In running through the Barcelona Olympics within an average victory margin of 43.8 points and changing the NBA’s global landscape, the 1992 Dream Team is, in most circles, remembered as the greatest team ever constructed. For Portland Trail Blazers supporters, it’s also remembered primarily for the lengthy list of stories surrounding Michael Jordan and Clyde Drexler. In her “Icons Club” series, celebrated columnist Jackie MacMullan joined The Ringer to shed new light on that very subject.
Despite the aforementioned story, in this piece, both Drexler and Jordan speak affectionately about the positives of their relationship. According to Drexler, despite the discussions ranging long into the night about who the “greatest in the game” was in 1992, vibes were positive and cordial, a rarity in that ultra-competitive era.
Wives and kids came and went. The atmosphere was congenial, playful. Any lingering tension from previous NBA encounters had dissipated.
“Everybody kind of let it go,” Clyde Drexler says. “And it was one of those deals where everyone was kind, you had the wives and the families there. So we were all one. And it was great because back then, guys, if you were on a different team, they really didn’t like you.”
It’s said, in fact, that Drexler was among those Jordan began to respect most after their experiences.
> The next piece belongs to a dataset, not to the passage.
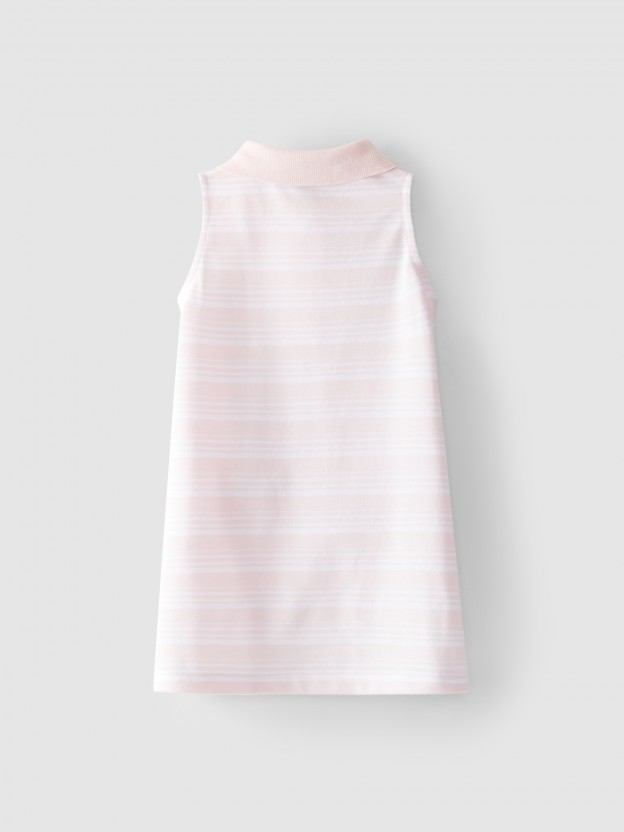 Vestido de riscas em piqué Vestido de riscas em piqué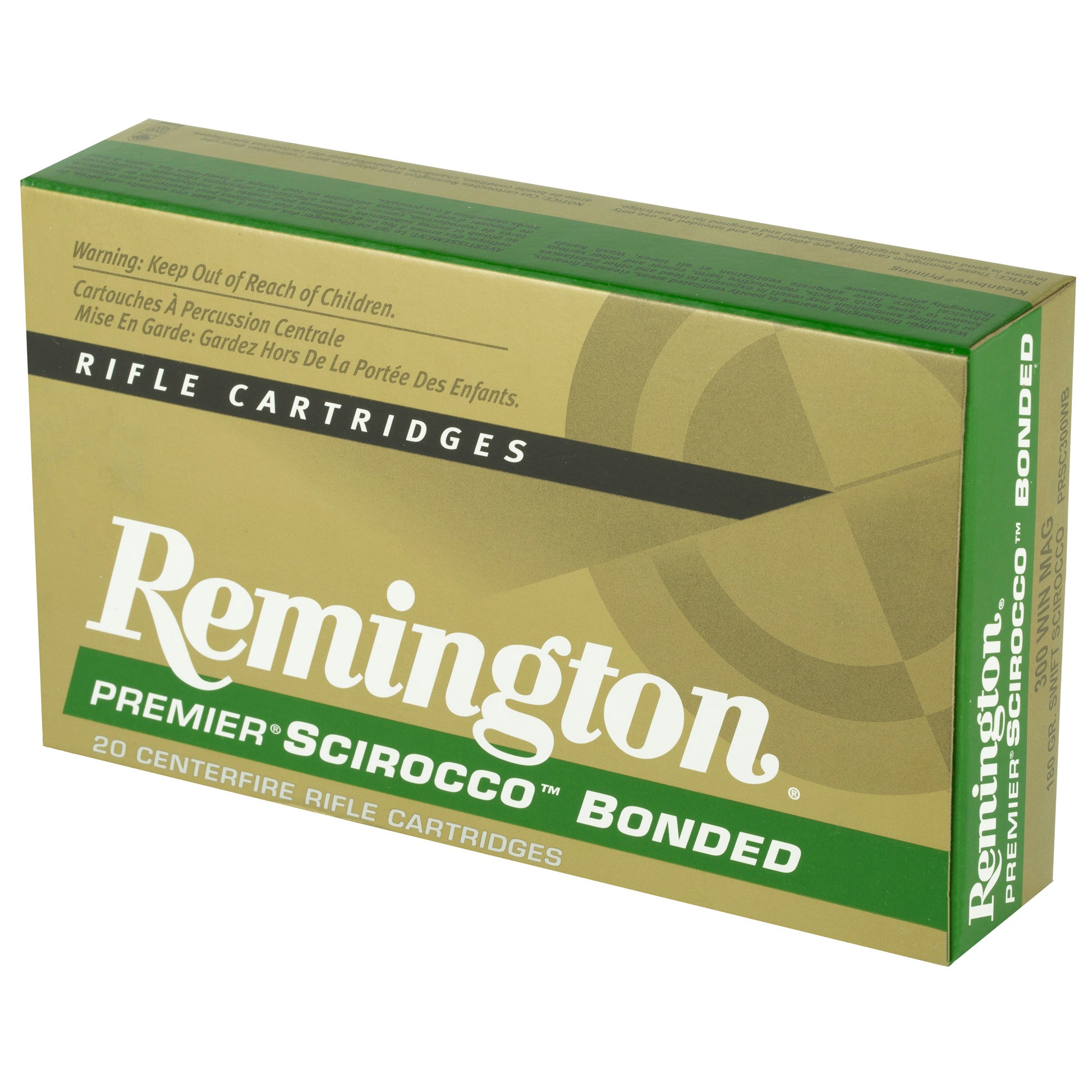 Remington Premier Scirocco Bonded .300 Winchester Magnum 180-Grain Polymer Tip Big-Game Ammo, Box of 20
Thirty years after their back-and-forth battle in the 1992 NBA Finals, the two keep those competitive juices flowing through golfing.
Jordan hadn’t lost his edge, but he did walk away from Barcelona with renewed respect for many of his comrades, primarily Drexler, the man he seemed hell-bent on tormenting when the journey began.
“I spend more time with Clyde Drexler, playing golf with Clyde Drexler, knowing that the competition in ’92, we was Portland against Chicago, who’s better, who’s blah blah blah,” Jordan says. “We play golf, we joke around, we text each other. To me, that’s the product of what the Dream Team did.
“We talk all the time.”
Both were key contributors to the 8-0, gold medal team. Across those eight games, the Blazers legend averaged 10.5 points (on just 8.0 shots), 3.0 rebounds, 3.6 assists and 2.5 steals on 57.8 percent shooting.
Along the rest of the article, Bill Walton — another former Portland all-timer — shared thoughts on the Dream Team’s top scorer, Charles Barkley, and his role in diplomacy and making the Dream Team a larger-than-life spectacle. MacMullan hits on this, the fanfare in Barcelona, and the competitive stories of that era’s best, among much else.